_Entries provided_
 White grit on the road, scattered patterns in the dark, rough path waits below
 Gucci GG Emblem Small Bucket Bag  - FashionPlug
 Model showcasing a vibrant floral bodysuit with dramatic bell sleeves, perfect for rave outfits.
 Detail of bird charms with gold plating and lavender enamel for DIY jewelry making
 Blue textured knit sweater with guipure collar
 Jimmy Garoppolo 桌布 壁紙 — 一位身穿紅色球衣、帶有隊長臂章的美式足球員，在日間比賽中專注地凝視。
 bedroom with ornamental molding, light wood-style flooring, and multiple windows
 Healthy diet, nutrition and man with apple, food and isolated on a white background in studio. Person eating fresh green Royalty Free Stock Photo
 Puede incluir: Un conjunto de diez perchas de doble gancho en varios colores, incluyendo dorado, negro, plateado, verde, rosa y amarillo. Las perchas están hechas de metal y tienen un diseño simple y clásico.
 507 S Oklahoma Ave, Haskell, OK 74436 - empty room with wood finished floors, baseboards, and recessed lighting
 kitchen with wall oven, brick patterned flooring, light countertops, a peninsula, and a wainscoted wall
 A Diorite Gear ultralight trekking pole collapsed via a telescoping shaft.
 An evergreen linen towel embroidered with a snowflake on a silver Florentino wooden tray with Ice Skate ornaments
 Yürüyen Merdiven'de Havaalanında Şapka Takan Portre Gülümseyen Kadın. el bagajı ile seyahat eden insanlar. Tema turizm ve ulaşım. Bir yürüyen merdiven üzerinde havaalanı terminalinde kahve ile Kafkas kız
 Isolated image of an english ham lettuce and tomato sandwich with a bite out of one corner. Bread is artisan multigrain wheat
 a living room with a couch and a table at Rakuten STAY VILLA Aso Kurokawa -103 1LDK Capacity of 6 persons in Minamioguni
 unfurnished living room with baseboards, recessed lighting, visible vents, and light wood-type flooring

_What is needed_
Set the lines down exactly, from the first line of the records to the line where "Isolated image of" appears, with both ends kept.

_Result of this exercise_
 White grit on the road, scattered patterns in the dark, rough path waits below
 Gucci GG Emblem Small Bucket Bag  - FashionPlug
 Model showcasing a vibrant floral bodysuit with dramatic bell sleeves, perfect for rave outfits.
 Detail of bird charms with gold plating and lavender enamel for DIY jewelry making
 Blue textured knit sweater with guipure collar
 Jimmy Garoppolo 桌布 壁紙 — 一位身穿紅色球衣、帶有隊長臂章的美式足球員，在日間比賽中專注地凝視。
 bedroom with ornamental molding, light wood-style flooring, and multiple windows
 Healthy diet, nutrition and man with apple, food and isolated on a white background in studio. Person eating fresh green Royalty Free Stock Photo
 Puede incluir: Un conjunto de diez perchas de doble gancho en varios colores, incluyendo dorado, negro, plateado, verde, rosa y amarillo. Las perchas están hechas de metal y tienen un diseño simple y clásico.
 507 S Oklahoma Ave, Haskell, OK 74436 - empty room with wood finished floors, baseboards, and recessed lighting
 kitchen with wall oven, brick patterned flooring, light countertops, a peninsula, and a wainscoted wall
 A Diorite Gear ultralight trekking pole collapsed via a telescoping shaft.
 An evergreen linen towel embroidered with a snowflake on a silver Florentino wooden tray with Ice Skate ornaments
 Yürüyen Merdiven'de Havaalanında Şapka Takan Portre Gülümseyen Kadın. el bagajı ile seyahat eden insanlar. Tema turizm ve ulaşım. Bir yürüyen merdiven üzerinde havaalanı terminalinde kahve ile Kafkas kız
 Isolated image of an english ham lettuce and tomato sandwich with a bite out of one corner. Bread is artisan multigrain wheat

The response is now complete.